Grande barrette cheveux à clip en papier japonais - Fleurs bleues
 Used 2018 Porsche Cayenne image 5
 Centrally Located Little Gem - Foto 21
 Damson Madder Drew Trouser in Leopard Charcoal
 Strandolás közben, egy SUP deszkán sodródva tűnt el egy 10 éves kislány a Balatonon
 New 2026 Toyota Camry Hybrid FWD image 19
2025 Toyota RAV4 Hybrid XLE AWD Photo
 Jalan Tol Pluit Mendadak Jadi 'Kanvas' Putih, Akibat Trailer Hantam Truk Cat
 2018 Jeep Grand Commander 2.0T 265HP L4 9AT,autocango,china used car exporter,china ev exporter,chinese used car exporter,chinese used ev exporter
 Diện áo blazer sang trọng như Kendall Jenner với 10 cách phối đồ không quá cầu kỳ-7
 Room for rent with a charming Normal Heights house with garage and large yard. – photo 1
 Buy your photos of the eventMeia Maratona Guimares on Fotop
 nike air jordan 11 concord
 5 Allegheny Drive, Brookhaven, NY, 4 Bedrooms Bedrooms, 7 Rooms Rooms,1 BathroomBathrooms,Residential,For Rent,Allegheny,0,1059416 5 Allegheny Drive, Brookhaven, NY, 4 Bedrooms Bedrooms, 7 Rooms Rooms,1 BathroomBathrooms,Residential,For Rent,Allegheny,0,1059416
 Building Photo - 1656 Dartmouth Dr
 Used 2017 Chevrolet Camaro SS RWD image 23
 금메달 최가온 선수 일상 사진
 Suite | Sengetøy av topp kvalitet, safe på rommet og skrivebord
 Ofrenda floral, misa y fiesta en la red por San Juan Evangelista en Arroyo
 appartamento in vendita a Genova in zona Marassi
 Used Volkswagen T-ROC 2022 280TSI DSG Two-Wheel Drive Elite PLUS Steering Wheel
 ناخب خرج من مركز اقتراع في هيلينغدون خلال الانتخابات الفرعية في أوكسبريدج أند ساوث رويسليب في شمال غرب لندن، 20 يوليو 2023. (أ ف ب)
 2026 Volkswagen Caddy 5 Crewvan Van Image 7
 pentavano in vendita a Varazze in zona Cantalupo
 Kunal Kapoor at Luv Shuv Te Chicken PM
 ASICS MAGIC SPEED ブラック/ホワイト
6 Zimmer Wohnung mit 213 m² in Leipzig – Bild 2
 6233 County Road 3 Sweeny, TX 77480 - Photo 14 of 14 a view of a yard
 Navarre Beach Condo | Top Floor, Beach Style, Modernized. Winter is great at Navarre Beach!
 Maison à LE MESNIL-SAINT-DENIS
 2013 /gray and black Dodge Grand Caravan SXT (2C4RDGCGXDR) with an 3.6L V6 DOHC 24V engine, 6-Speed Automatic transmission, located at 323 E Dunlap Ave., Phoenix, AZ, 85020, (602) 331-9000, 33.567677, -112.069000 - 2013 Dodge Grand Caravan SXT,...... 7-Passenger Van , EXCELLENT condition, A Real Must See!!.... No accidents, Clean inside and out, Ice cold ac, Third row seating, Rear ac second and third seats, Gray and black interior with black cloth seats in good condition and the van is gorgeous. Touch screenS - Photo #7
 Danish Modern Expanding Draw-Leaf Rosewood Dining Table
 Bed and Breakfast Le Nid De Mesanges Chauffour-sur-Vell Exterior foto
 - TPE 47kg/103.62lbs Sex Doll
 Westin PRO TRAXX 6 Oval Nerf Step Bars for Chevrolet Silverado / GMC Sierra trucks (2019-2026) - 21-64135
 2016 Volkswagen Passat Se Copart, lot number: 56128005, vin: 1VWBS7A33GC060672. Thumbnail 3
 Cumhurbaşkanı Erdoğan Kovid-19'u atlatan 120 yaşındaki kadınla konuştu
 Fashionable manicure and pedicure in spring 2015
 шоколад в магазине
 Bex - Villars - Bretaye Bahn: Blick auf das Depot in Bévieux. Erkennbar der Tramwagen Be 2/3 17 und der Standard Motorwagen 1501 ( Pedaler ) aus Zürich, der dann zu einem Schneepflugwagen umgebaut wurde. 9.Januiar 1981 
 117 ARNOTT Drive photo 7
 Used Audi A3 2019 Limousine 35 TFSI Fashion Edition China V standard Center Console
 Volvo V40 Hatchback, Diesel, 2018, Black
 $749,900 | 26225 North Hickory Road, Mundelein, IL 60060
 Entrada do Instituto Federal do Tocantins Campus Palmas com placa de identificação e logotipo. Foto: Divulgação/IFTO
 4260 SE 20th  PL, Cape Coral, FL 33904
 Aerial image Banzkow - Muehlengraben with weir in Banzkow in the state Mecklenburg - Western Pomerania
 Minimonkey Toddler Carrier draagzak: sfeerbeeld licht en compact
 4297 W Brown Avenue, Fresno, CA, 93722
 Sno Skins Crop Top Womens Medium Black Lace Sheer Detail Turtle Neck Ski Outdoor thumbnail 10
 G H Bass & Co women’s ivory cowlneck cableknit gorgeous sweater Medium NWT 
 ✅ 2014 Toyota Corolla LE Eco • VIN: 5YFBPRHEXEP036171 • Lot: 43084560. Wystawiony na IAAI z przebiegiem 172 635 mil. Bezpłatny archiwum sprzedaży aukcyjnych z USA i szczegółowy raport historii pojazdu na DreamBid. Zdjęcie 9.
□ □ □ □ □ □ □
### What the exercise asks
The lines wanted are those from the one holding "G H Bass & Co" through the final line of the listing; print them exactly.

### Response
 G H Bass & Co women’s ivory cowlneck cableknit gorgeous sweater Medium NWT 
 ✅ 2014 Toyota Corolla LE Eco • VIN: 5YFBPRHEXEP036171 • Lot: 43084560. Wystawiony na IAAI z przebiegiem 172 635 mil. Bezpłatny archiwum sprzedaży aukcyjnych z USA i szczegółowy raport historii pojazdu na DreamBid. Zdjęcie 9.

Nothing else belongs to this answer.